→ **PROVIDED DATA**

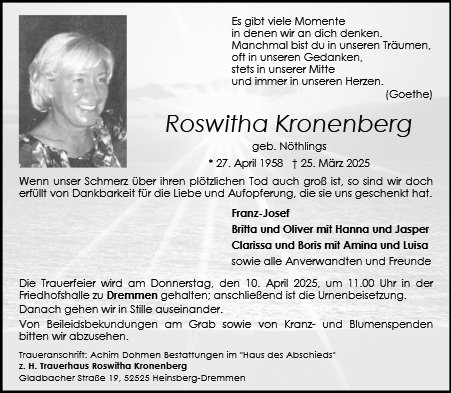 Roswitha Kronenberg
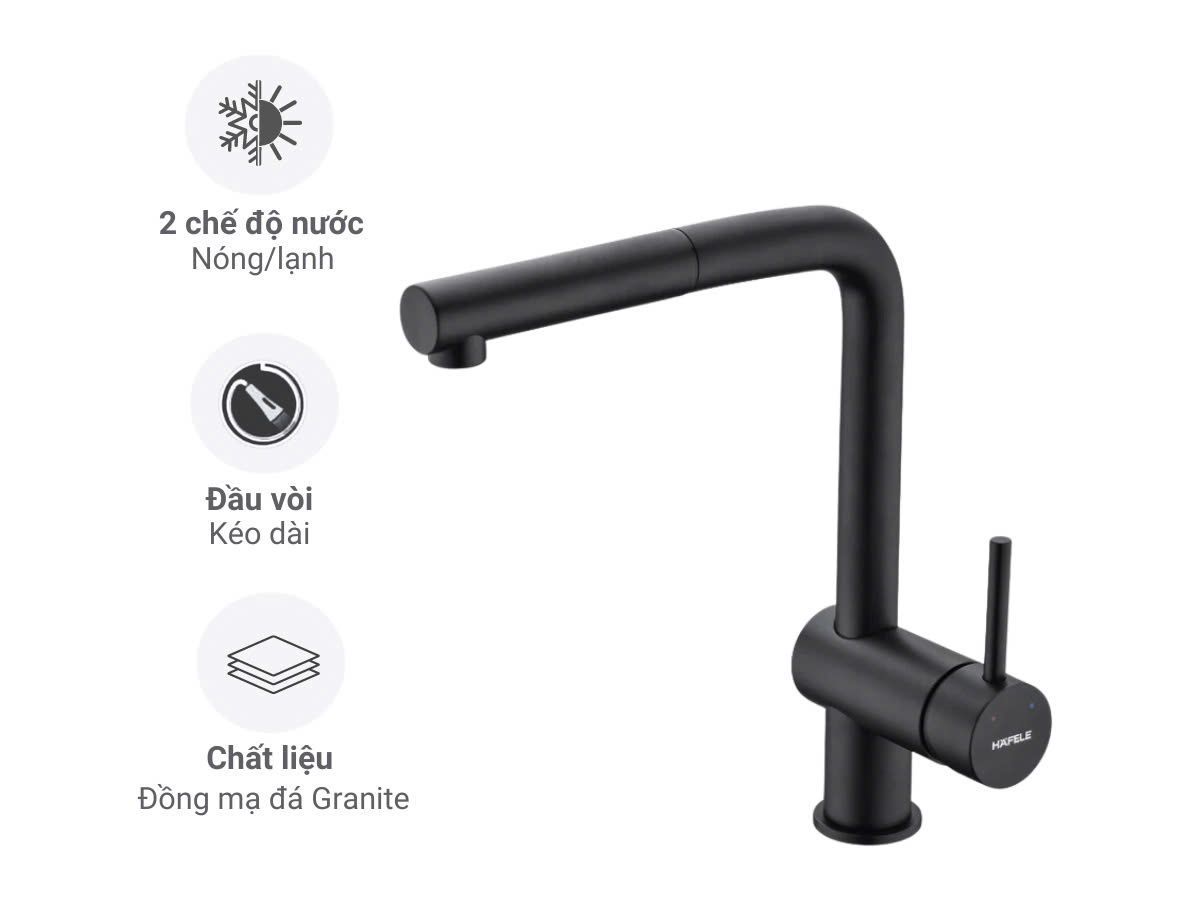 Vòi rửa bát Hafele HT21-GH1P250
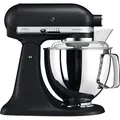 Produktbild: KitchenAid Küchenmaschine - Artisan - Kippbarem Food Processor - Teigknetmaschine mit 5 Zubehör - 2 Schüsseln aus Edelstahl - 4.8 L - Gusseisen schwarz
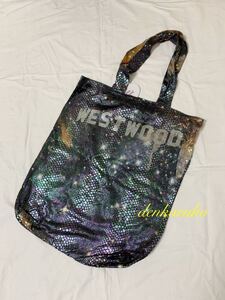 未使用タグ付き★WESTWOOD　ロゴ・プリントバッグ☆ ネビュラギャラクシー☆Vivienne　Westwood ★ヴィヴィアン　ウエストウッド★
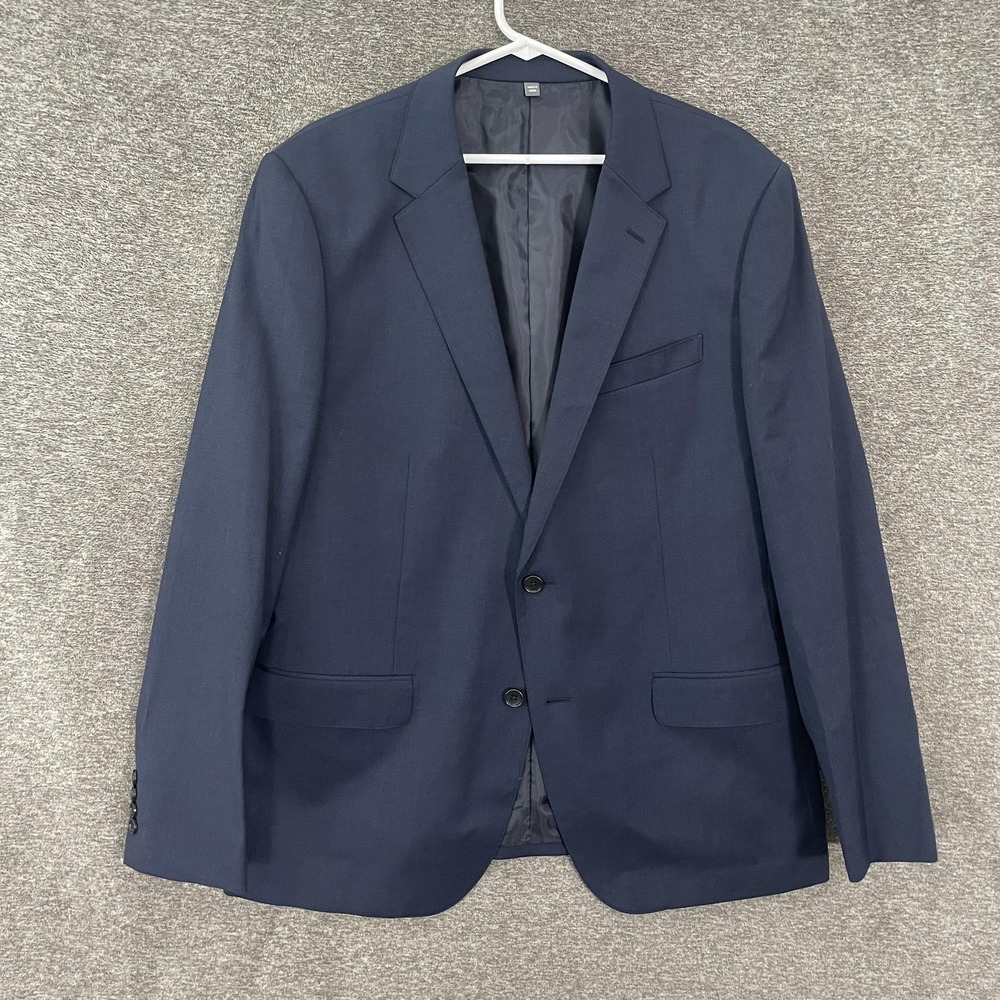 Bonobos‎ Suit Jacket Mens 44R Blue Wool Stretch Standard Fit Two Button Notch
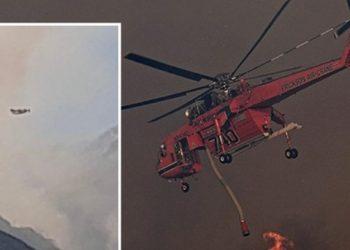 Erdhën nga Greqia, dy avionët nisin shuarjen e flakëve në malin e Çikës (FOTO)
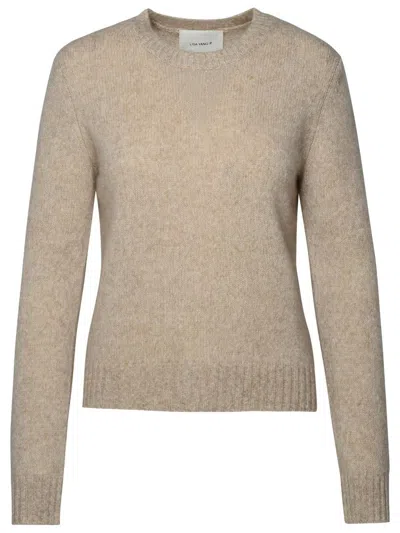 Lisa Yang 'mira' Sweater In Fuchsia Cashmere Blend In Beige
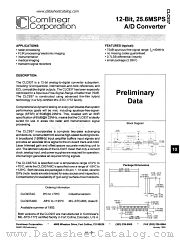 CLC937A8C datasheet pdf Comlinear Corporation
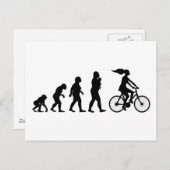 Radfahren Postkarte (Vorne/Hinten)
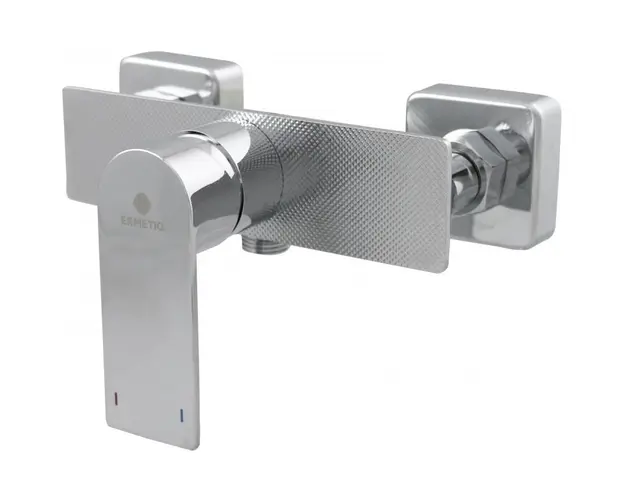 Baterie dus Ermetiq Stylish ER-DG11, cu furtun, para si suport, cartus ceramic, Crom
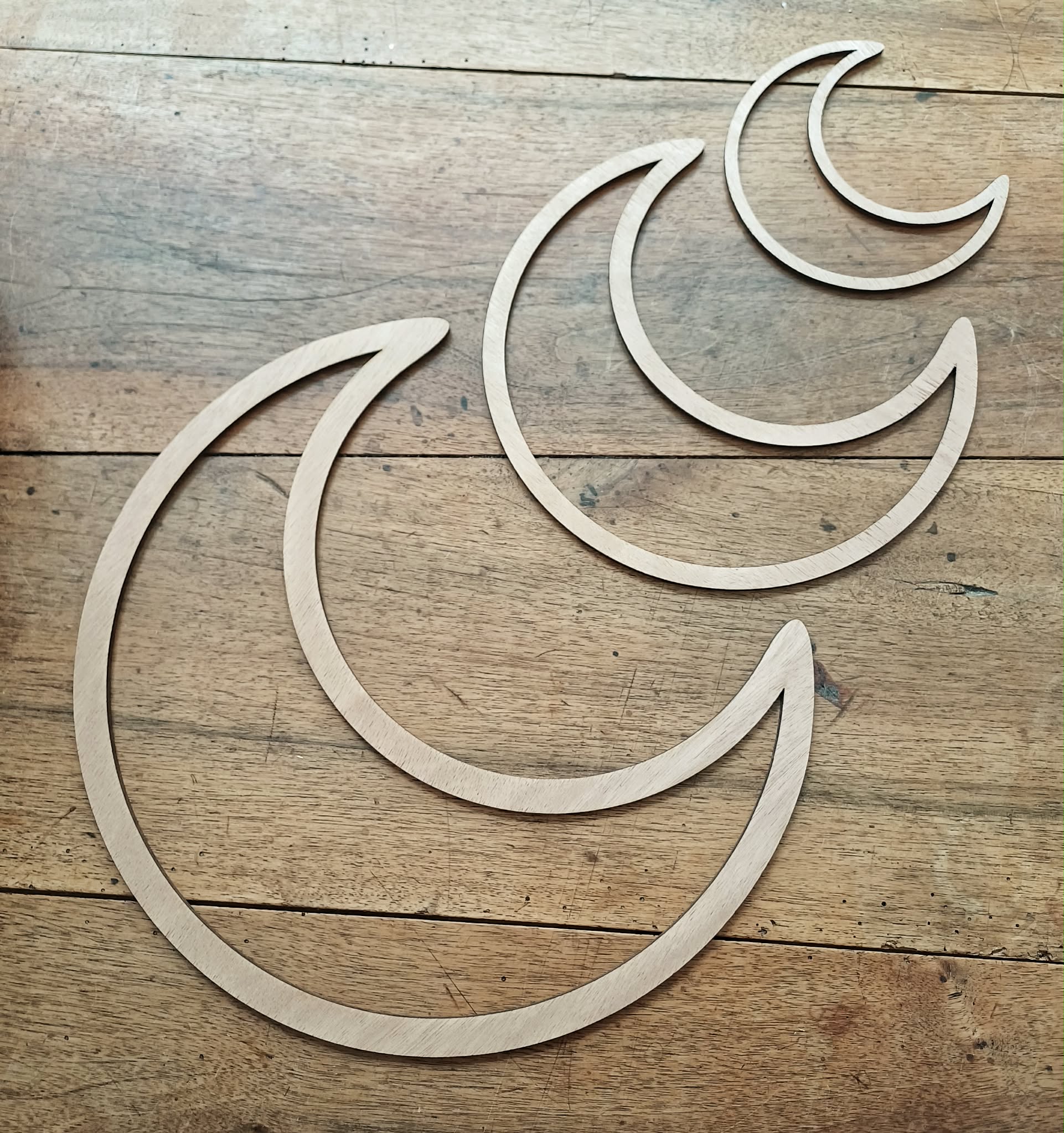 Suspension demi-lune pour macramé en 15, 25 ou 35 cm – Image 2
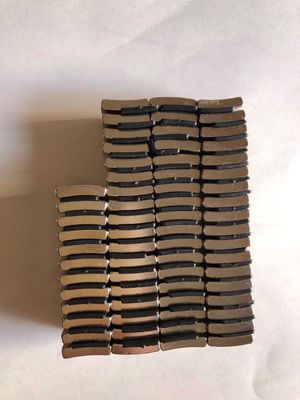 comprar Ímãs arcados do boro do ferro do neodímio para o gerador N45 R53*r49*20°*25 do motor/vento online manufacture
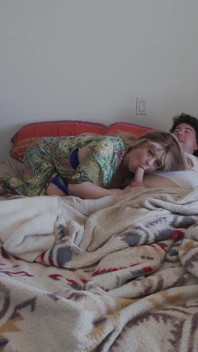 Caring stepmom rides her sick stepson to help him feel better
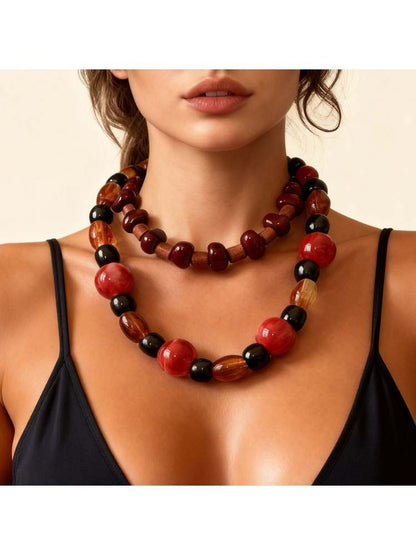Elegant Layered Shell Pendant Necklace for Chic Summer Fashion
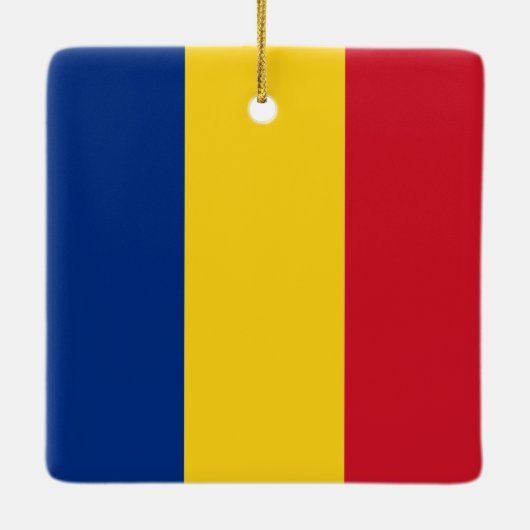 Roemeense vlag keramisch ornament (Achterkant)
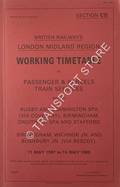 Working Timetable of Passenger & Parcels trains - Section CD - Rugby & Leamington Spa (via Coventry), Birmingham, Droitwich Spa & Stafford; Birmingham, Wichnor Jn. & Bushbury Jn. (via Bescot) - 11 May 1987 to 15 May 1988 by British Railways London Midland Region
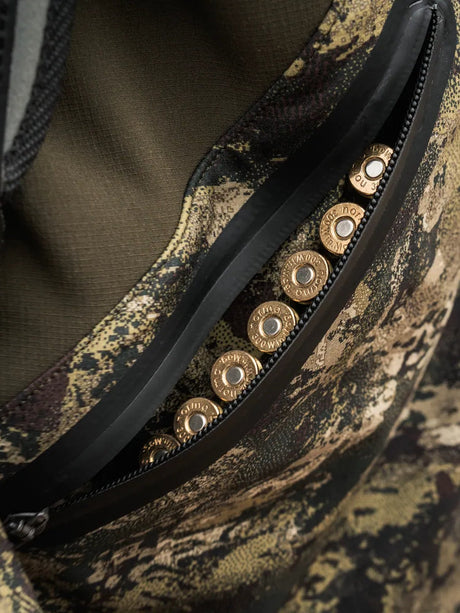 SEELAND Chaser Aero Camo Jacket - Mens - InVis MPC Green - cartridge holder detail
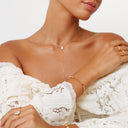 Amalie Red Zircon Tennis Bracelet, view 3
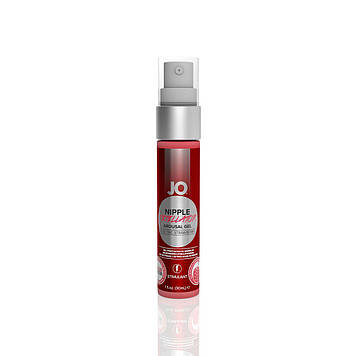 Гель для стимуляції сосків JO Nipple Titillator Strawberry (30 мл), ментол та перцева м’ята Bomba💣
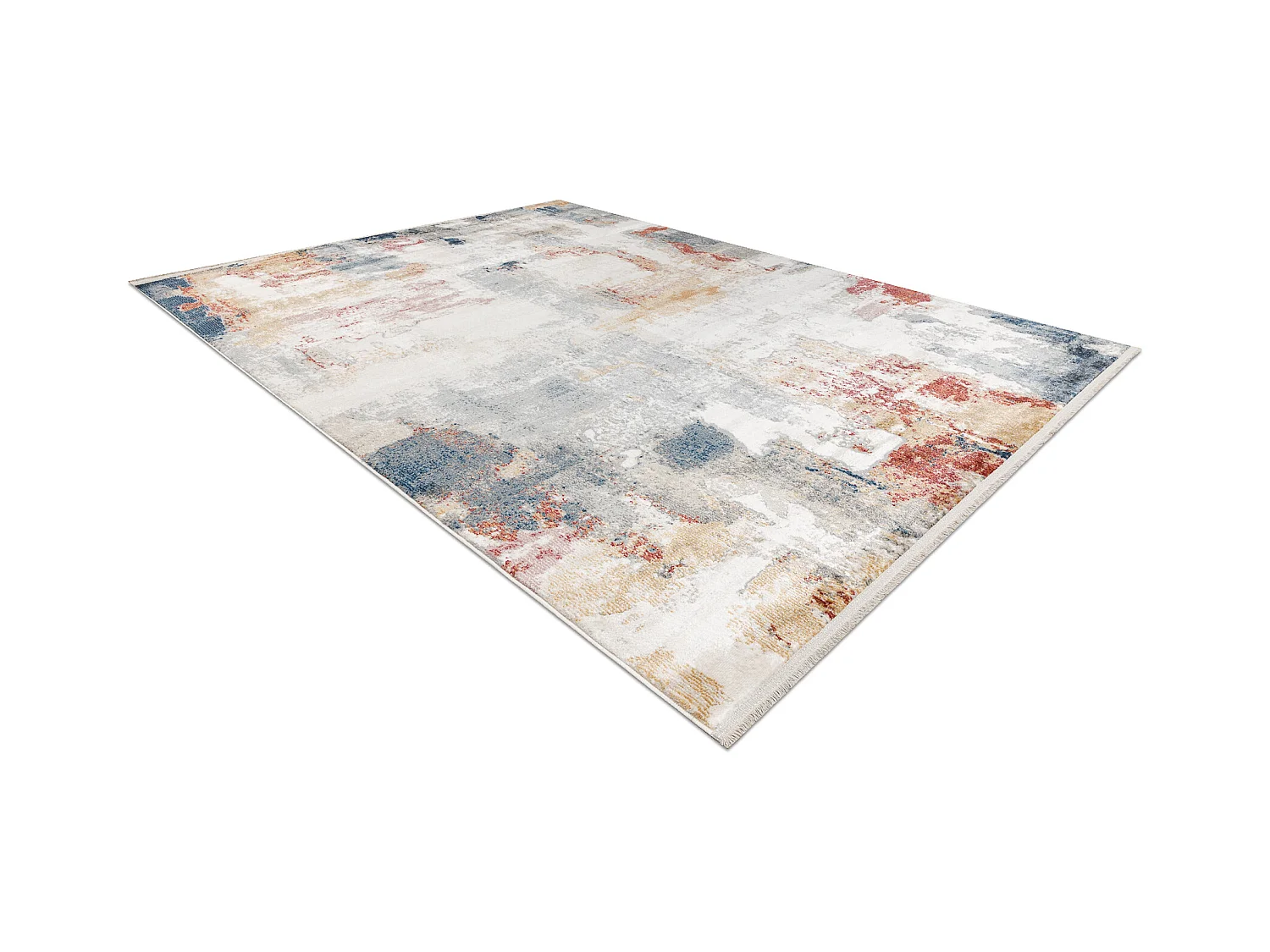 Tapis moderne DISTIN 0144B blanc / / poudre - Abstraction, vintage, fr 80x150 cm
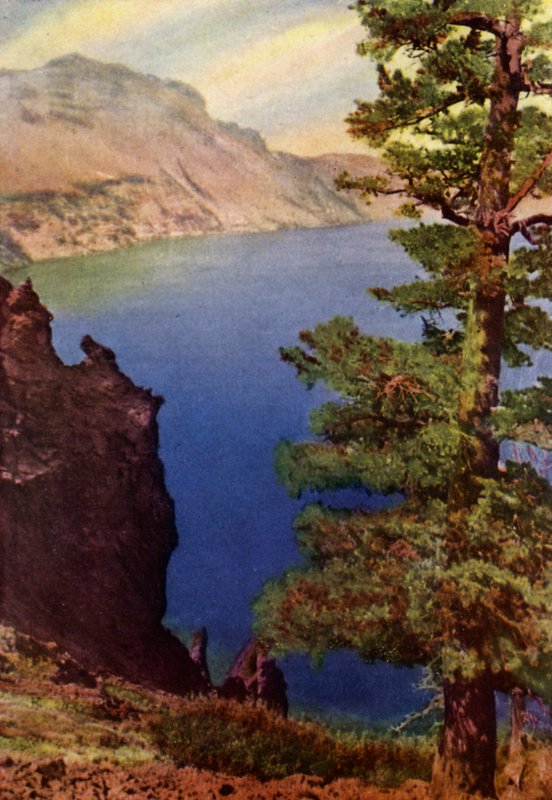 Národní park Glacier (barva litho) od American School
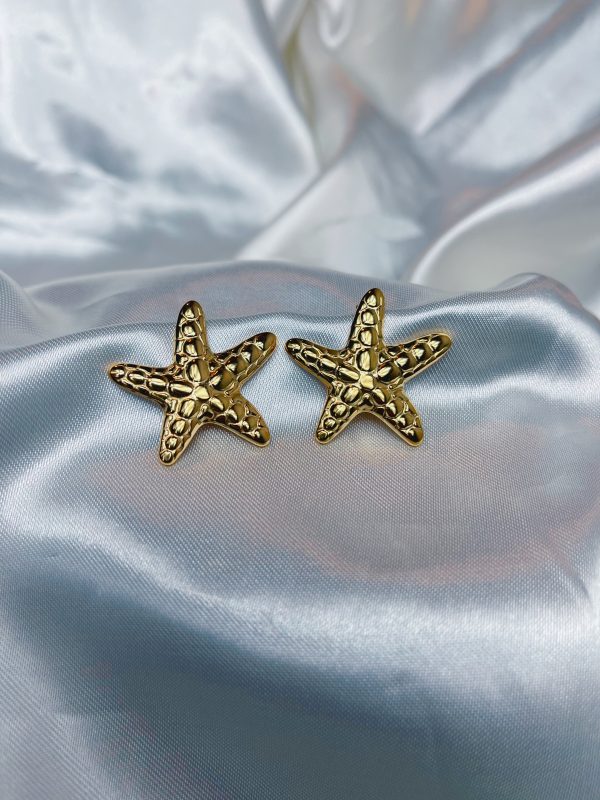 BIG STARFISH EARRINGS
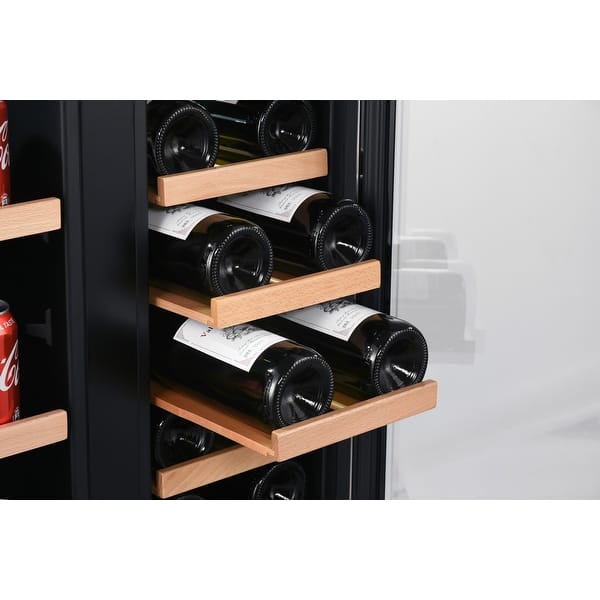 Shop Edgestar Cwb1760fd 24 Wide 17 Bottle Wine And 53 Can Beverage Cooler Stainless Steel Overstock 14270287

→ **WHAT YOU ARE ASKED TO DO**
Using the entries above, repeat exactly the lines from the one with "Baterie dus Ermetiq" to the one with "BIG STARFISH EARRINGS", both included, and leave the pictures behind.

→ **EXERCISE RESPONSE**
 Baterie dus Ermetiq Stylish ER-DG11, cu furtun, para si suport, cartus ceramic, Crom
 Suspension demi-lune pour macramé en 15, 25 ou 35 cm – Image 2
 comprar Ímãs arcados do boro do ferro do neodímio para o gerador N45 R53*r49*20°*25 do motor/vento online manufacture
 Caring stepmom rides her sick stepson to help him feel better
Elegant Layered Shell Pendant Necklace for Chic Summer Fashion
 Roemeense vlag keramisch ornament (Achterkant)
 Working Timetable of Passenger & Parcels trains - Section CD - Rugby & Leamington Spa (via Coventry), Birmingham, Droitwich Spa & Stafford; Birmingham, Wichnor Jn. & Bushbury Jn. (via Bescot) - 11 May 1987 to 15 May 1988 by British Railways London Midland Region
 SEELAND Chaser Aero Camo Jacket - Mens - InVis MPC Green - cartridge holder detail
 Amalie Red Zircon Tennis Bracelet, view 3
 Гель для стимуляції сосків JO Nipple Titillator Strawberry (30 мл), ментол та перцева м’ята Bomba💣
 Tapis moderne DISTIN 0144B blanc / / poudre - Abstraction, vintage, fr 80x150 cm
 Národní park Glacier (barva litho) od American School
 BIG STARFISH EARRINGS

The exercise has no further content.